B.A. Finance Corporation contended that even if it failed to enforce the total loss provision
in the insurance policy of the motor vehicle subject of the chattel mortgage, said failure does
not operate to extinguish the unpaid balance on the promissory note, considering that the
circumstances obtaining in the case at bar do not fall under Article 1231 of the Civil Code
relative to the modes of extinguishment of obligations.
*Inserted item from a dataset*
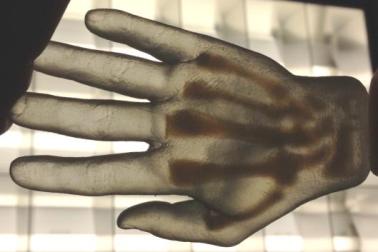 backlight showing hand bones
Issue: Whether or not BA Finance ca still collect on the deficiency of the Chattel Mortgage.

Held:

In granting B.A. Finance Corporation the aforementioned powers and prerogatives, the
Cuady spouses created in the former’s favor an agency. Thus, under Article 1884 of the
Civil Code of the Philippines, B.A. Finance Corporation is bound by its acceptance to carry
out the agency, and is liable for damages which, through its non-performance, the Cuadys,
the principal in the case at bar, may suffer; in such case, the assignee of the mortgage
agreement is bound by the same stipulation and if the assignee failed to file and prosecute
the insurance claim when the car was damaged totally, the mortgagor is relieved from his
obligation to pay as he suffered a loss because of the failure of the mortgagee to file the
claim.
Under the deed of chattel mortgage, B.A. Finance Corporation was constituted attorney-in-
fact with full power and authority to file, follow-up, prosecute, compromise or settle
insurance claims; to sign execute and deliver the corresponding papers, receipts and
documents to the Insurance Company as may be necessary to prove the claim, and to
collect from the latter the proceeds of insurance to the extent of its interests, in the event
that the mortgaged car suffers any loss or damage.